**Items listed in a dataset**
▬▬▬▬▬▬▬▬▬▬

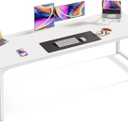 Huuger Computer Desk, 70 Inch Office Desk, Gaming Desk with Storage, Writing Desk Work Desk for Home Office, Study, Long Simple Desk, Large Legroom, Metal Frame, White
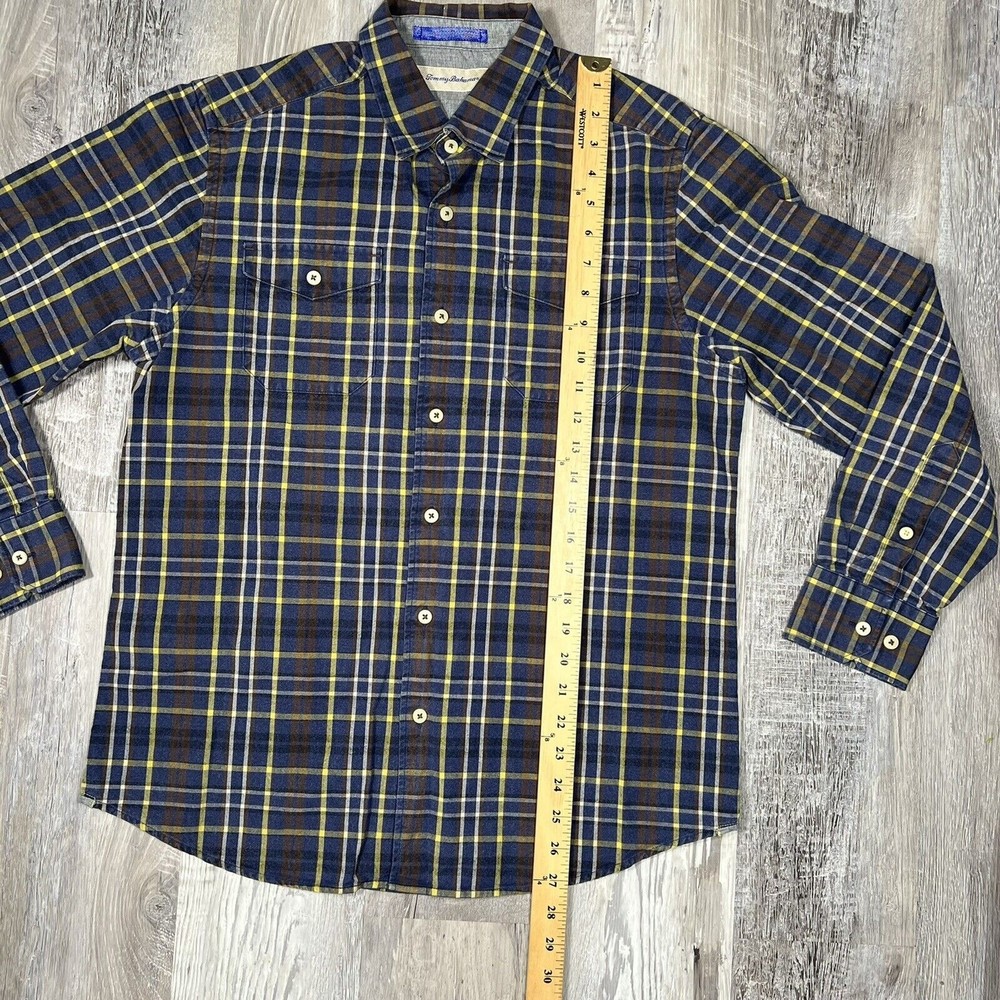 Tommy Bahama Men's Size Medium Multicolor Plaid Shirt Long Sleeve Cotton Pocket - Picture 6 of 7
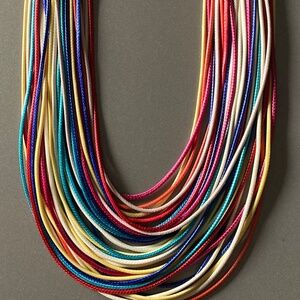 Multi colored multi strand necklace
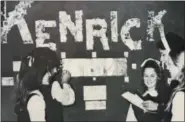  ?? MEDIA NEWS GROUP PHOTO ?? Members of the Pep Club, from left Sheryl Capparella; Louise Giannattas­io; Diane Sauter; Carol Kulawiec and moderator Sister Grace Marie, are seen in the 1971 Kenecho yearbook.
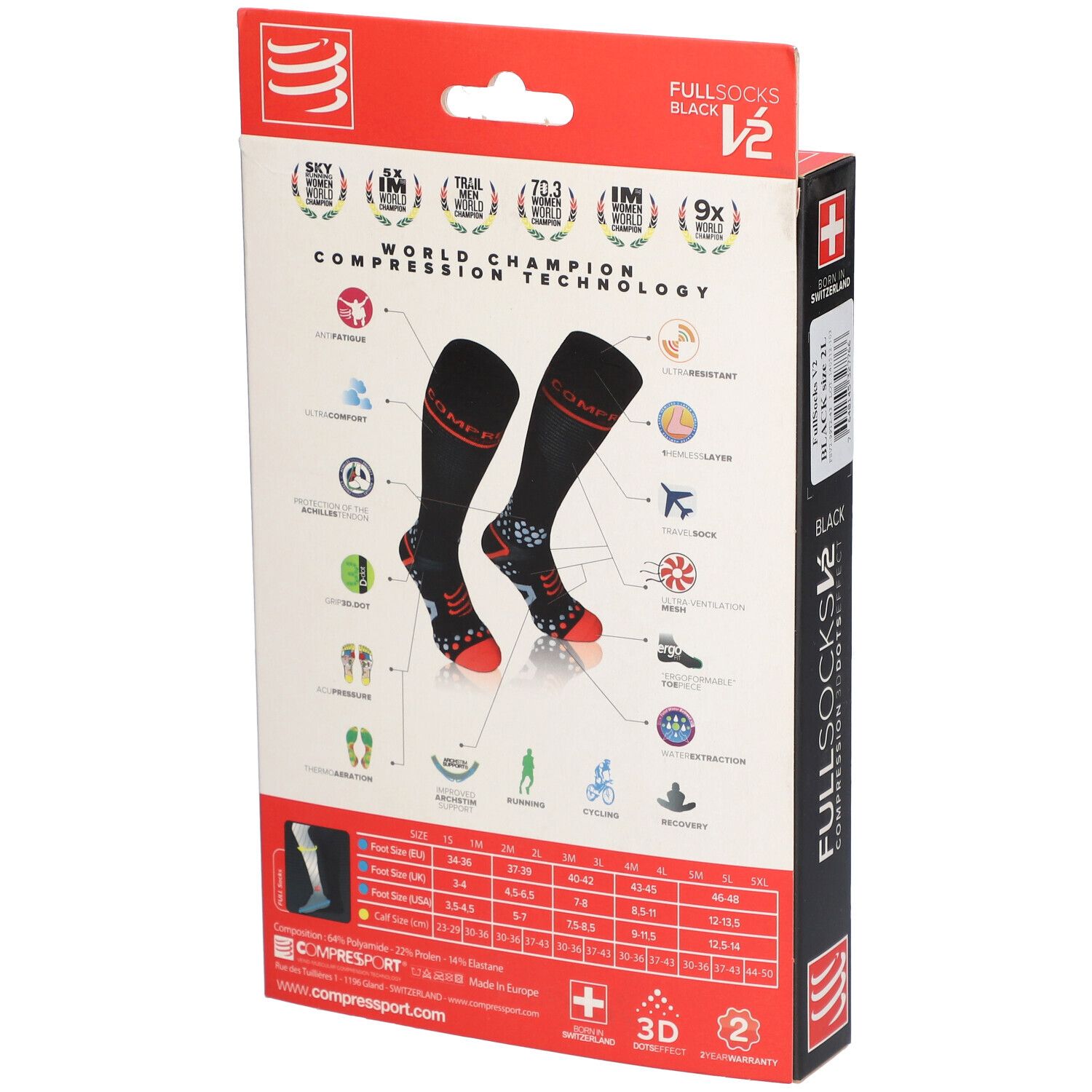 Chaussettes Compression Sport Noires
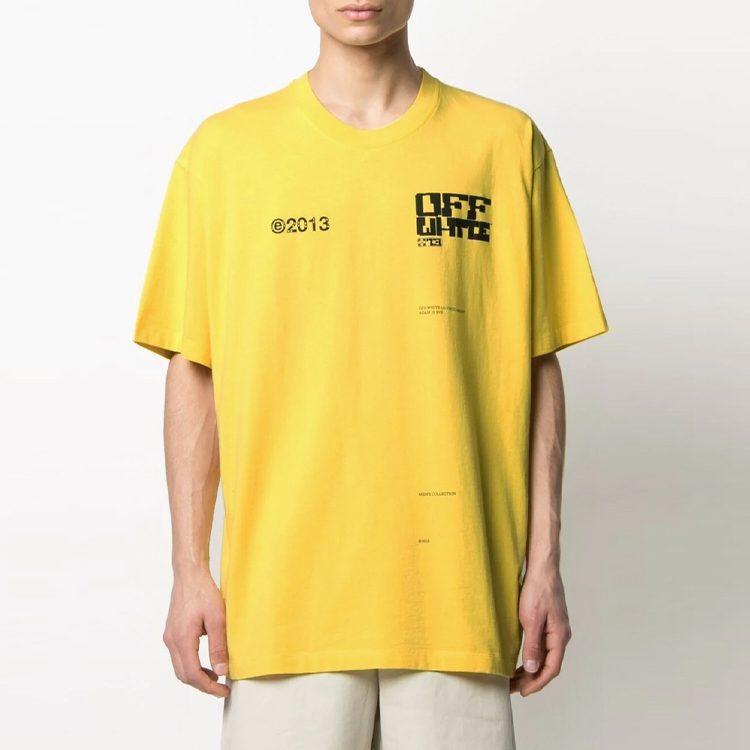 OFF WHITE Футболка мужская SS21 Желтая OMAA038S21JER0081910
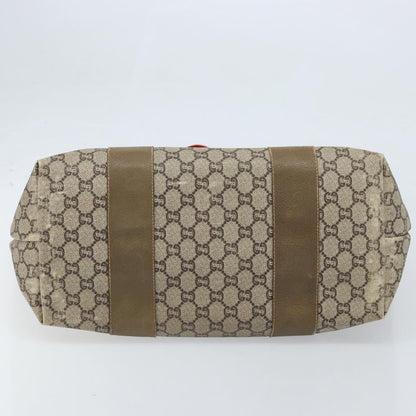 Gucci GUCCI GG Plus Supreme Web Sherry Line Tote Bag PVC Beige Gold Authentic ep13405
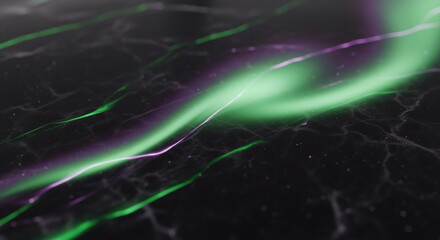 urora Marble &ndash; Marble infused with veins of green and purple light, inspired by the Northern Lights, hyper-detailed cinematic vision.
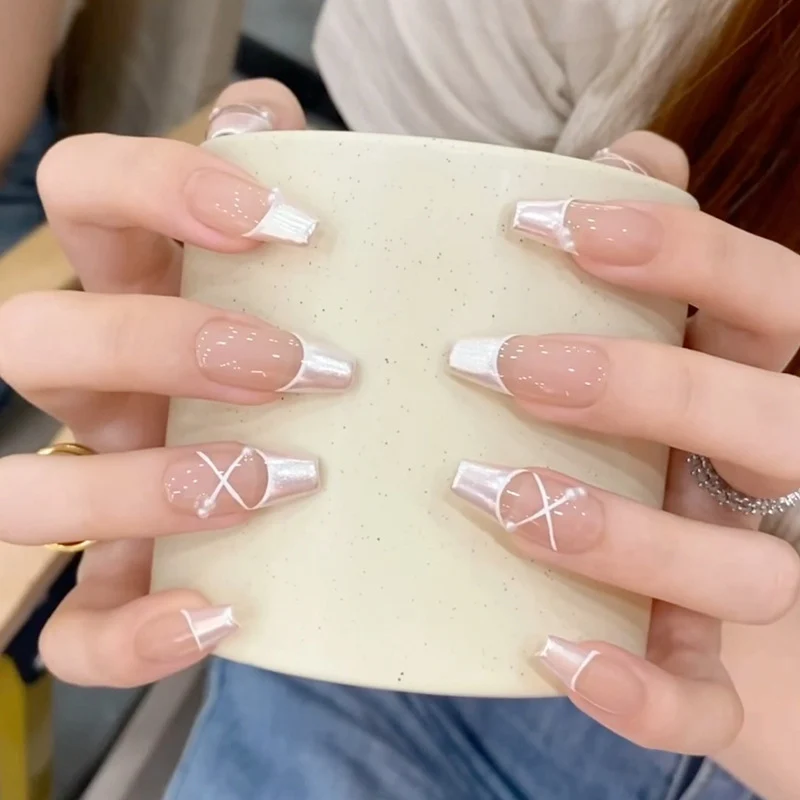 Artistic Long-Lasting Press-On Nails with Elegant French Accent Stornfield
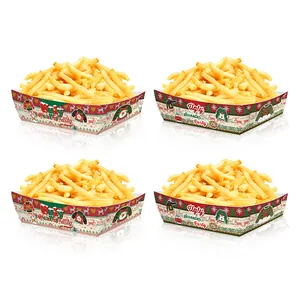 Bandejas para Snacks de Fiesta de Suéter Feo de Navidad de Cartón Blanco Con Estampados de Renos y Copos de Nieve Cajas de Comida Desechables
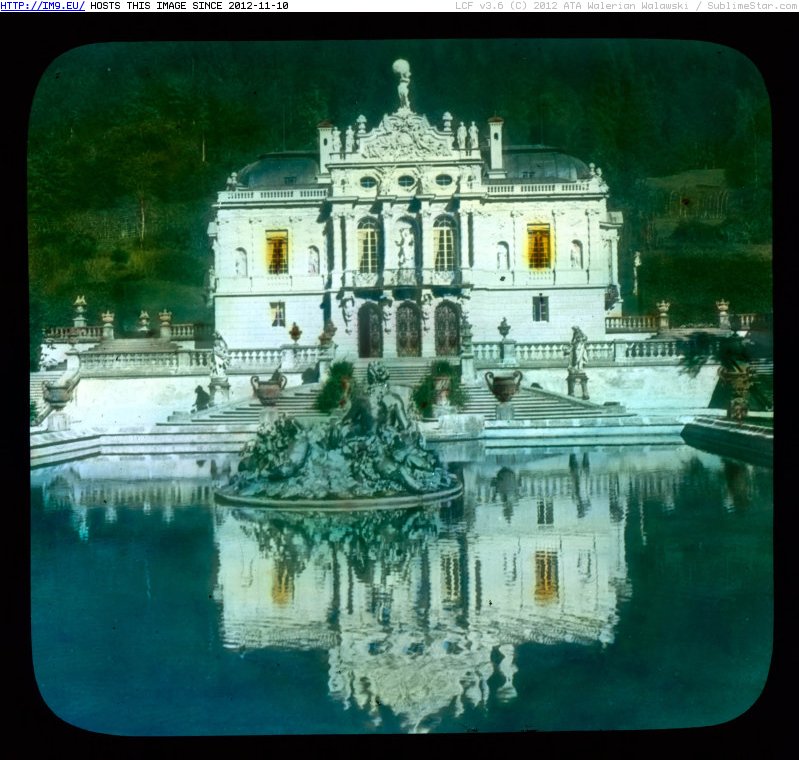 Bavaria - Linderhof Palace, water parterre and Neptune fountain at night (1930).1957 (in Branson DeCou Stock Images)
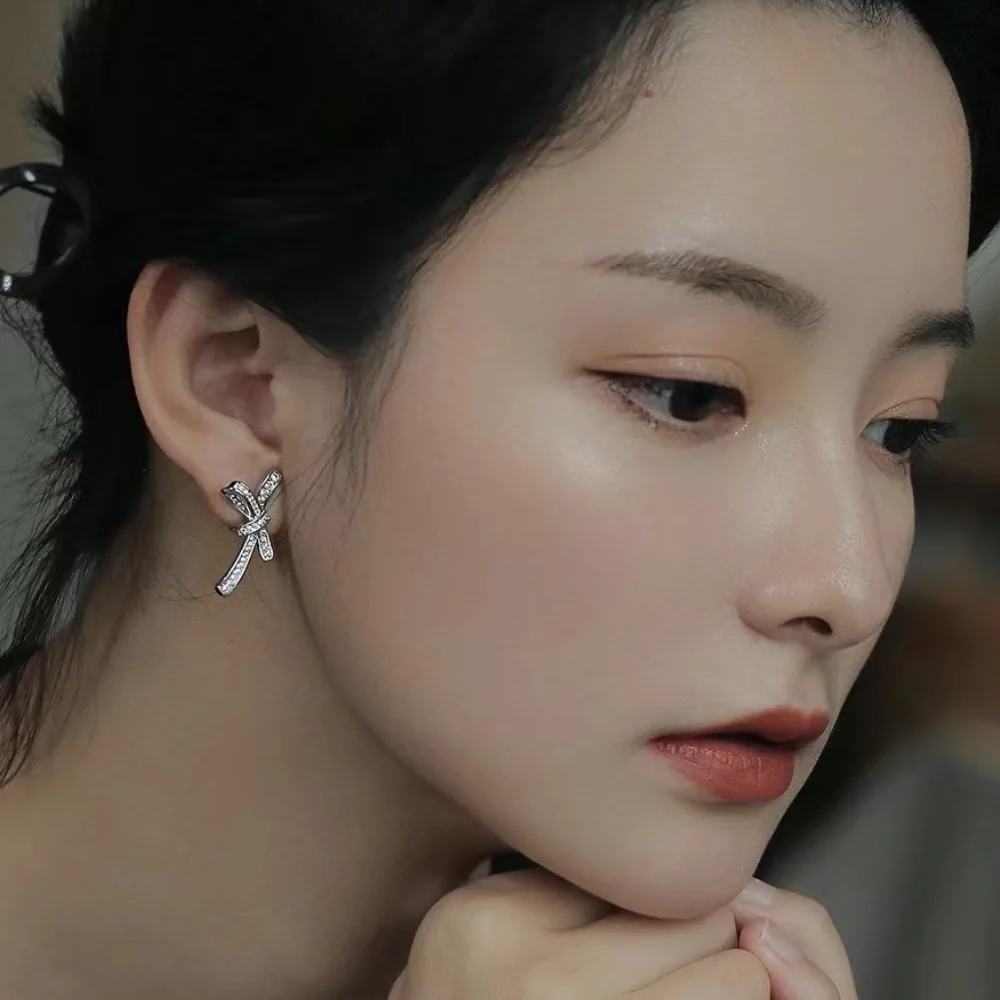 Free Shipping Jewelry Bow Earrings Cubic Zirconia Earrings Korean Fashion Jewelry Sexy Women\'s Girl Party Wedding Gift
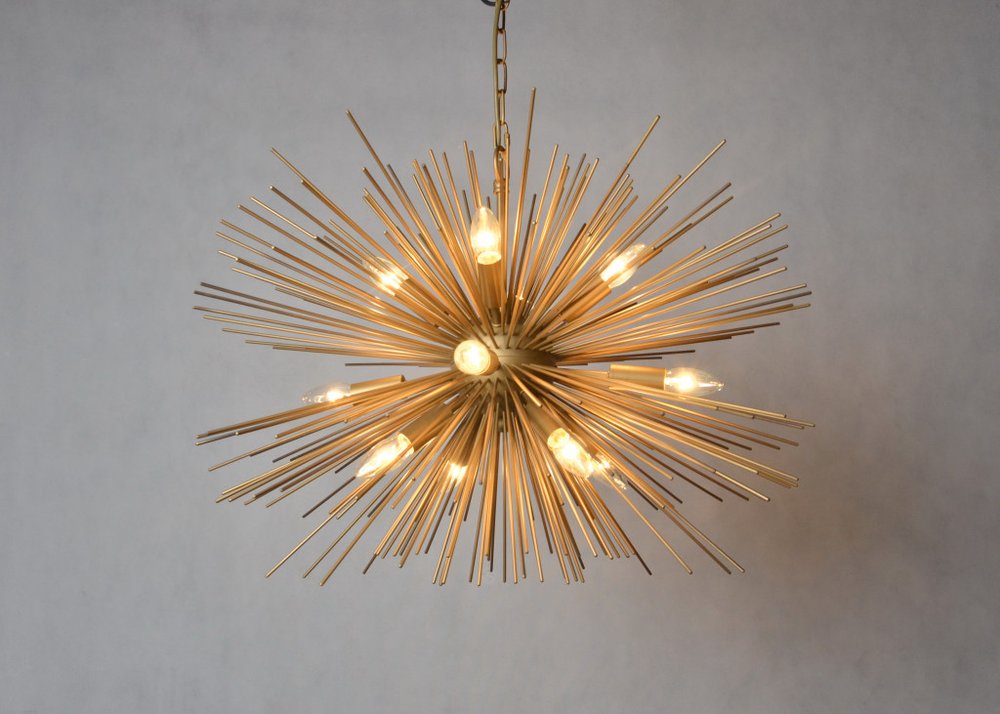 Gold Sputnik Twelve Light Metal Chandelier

▬▬▬▬▬▬▬▬▬▬

**Problem statement**
Starting at the line that contains "urora Marble &ndash;", write out every line through the end of the entries, both ends included, without any pictures.

**The answer**
 urora Marble &ndash; Marble infused with veins of green and purple light, inspired by the Northern Lights, hyper-detailed cinematic vision.
 Artistic Long-Lasting Press-On Nails with Elegant French Accent Stornfield
 Bandejas para Snacks de Fiesta de Suéter Feo de Navidad de Cartón Blanco Con Estampados de Renos y Copos de Nieve Cajas de Comida Desechables
 Bavaria - Linderhof Palace, water parterre and Neptune fountain at night (1930).1957 (in Branson DeCou Stock Images)
 Free Shipping Jewelry Bow Earrings Cubic Zirconia Earrings Korean Fashion Jewelry Sexy Women\'s Girl Party Wedding Gift
 Gold Sputnik Twelve Light Metal Chandelier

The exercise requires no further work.